## [Required action]
Would you please copy the entries exactly, leaving every picture aside?

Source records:
»»
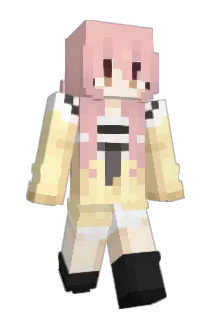BountyHunter9572 Minecraft avatar full body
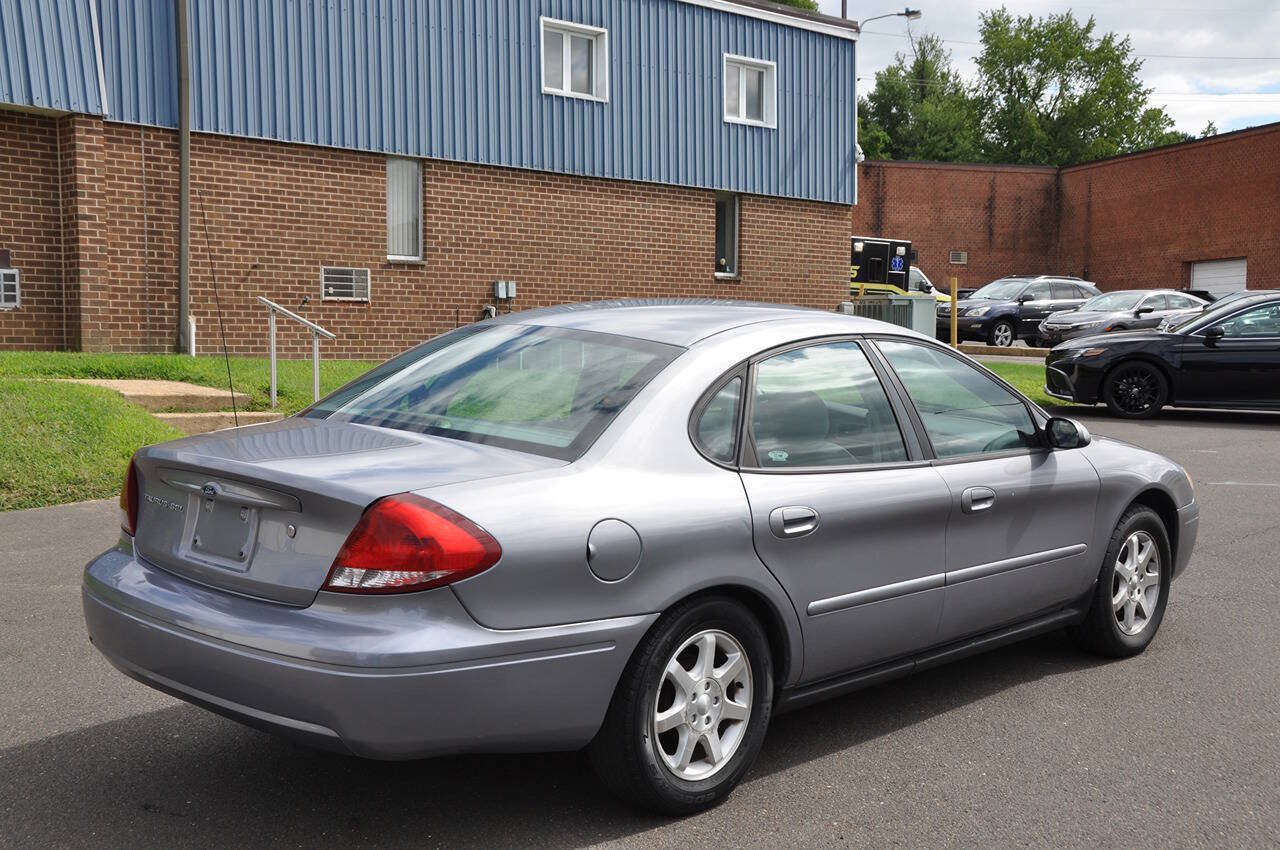 Used 2006 Ford Taurus SEL FWD image 6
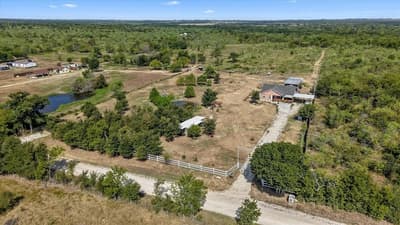 217 County Road 1001, Wortham TX 76693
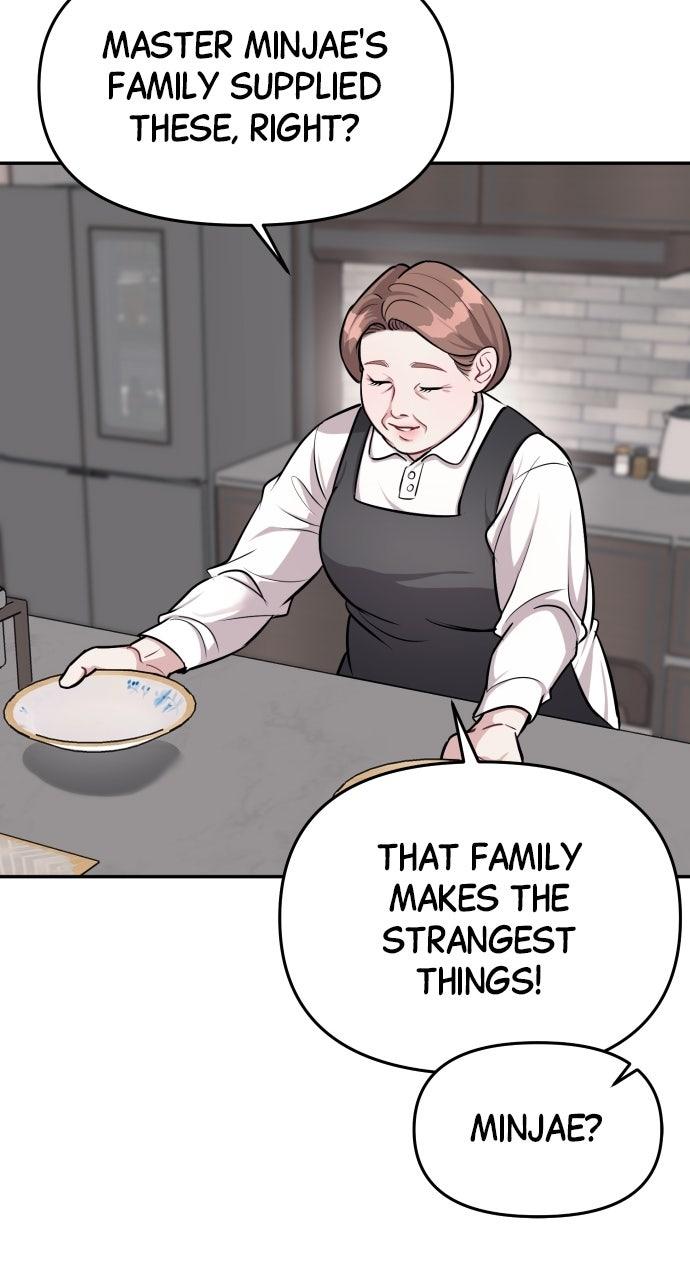 Undercover at Chaebol High Chapter 16 - Page 39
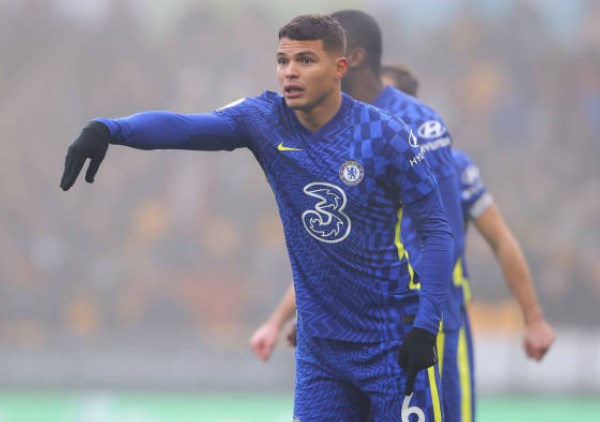 Trung vệ Thiago Silva. Điểm mạnh của cầu thủ người Brazil là kinh nghiệm và khả năng đọc tình huống tốt.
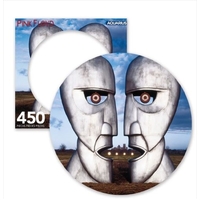 Division Bell Pink Floyd 450 Piece Picture Disc Puzzle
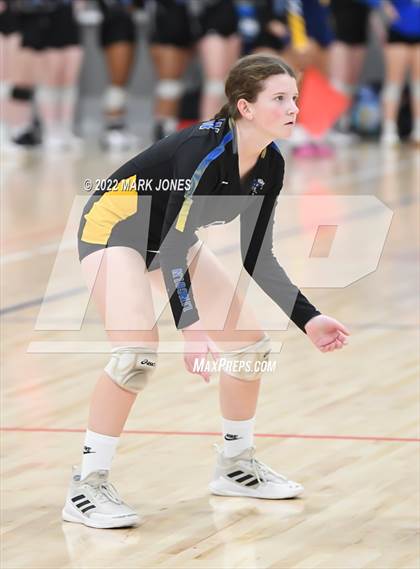 Thumbnail 2 in Lincoln vs. Norco (Nike TOC Southwest) photogallery.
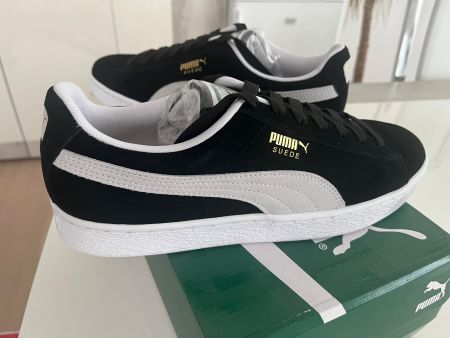 Puma Suede Classic+ Neu! 43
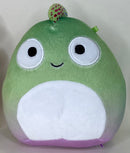 Large Squishy Cuddlers Super Soft Plush Dog Toys: Squeak & NO Squeak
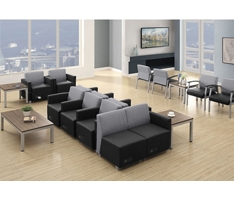 Compass Ten Piece Lounge Seating Group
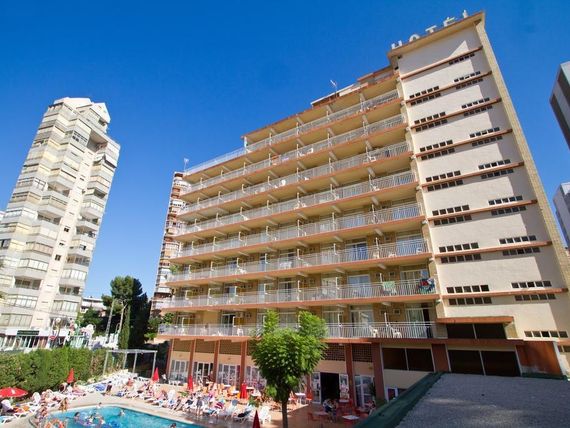 Gala Placidia (Benidorm)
««
## [Exercise result]
BountyHunter9572 Minecraft avatar full body
 Used 2006 Ford Taurus SEL FWD image 6
 217 County Road 1001, Wortham TX 76693
 Undercover at Chaebol High Chapter 16 - Page 39
 Trung vệ Thiago Silva. Điểm mạnh của cầu thủ người Brazil là kinh nghiệm và khả năng đọc tình huống tốt.
 Division Bell Pink Floyd 450 Piece Picture Disc Puzzle
 Thumbnail 2 in Lincoln vs. Norco (Nike TOC Southwest) photogallery.
 Puma Suede Classic+ Neu! 43
 Large Squishy Cuddlers Super Soft Plush Dog Toys: Squeak & NO Squeak
 Compass Ten Piece Lounge Seating Group
 Gala Placidia (Benidorm)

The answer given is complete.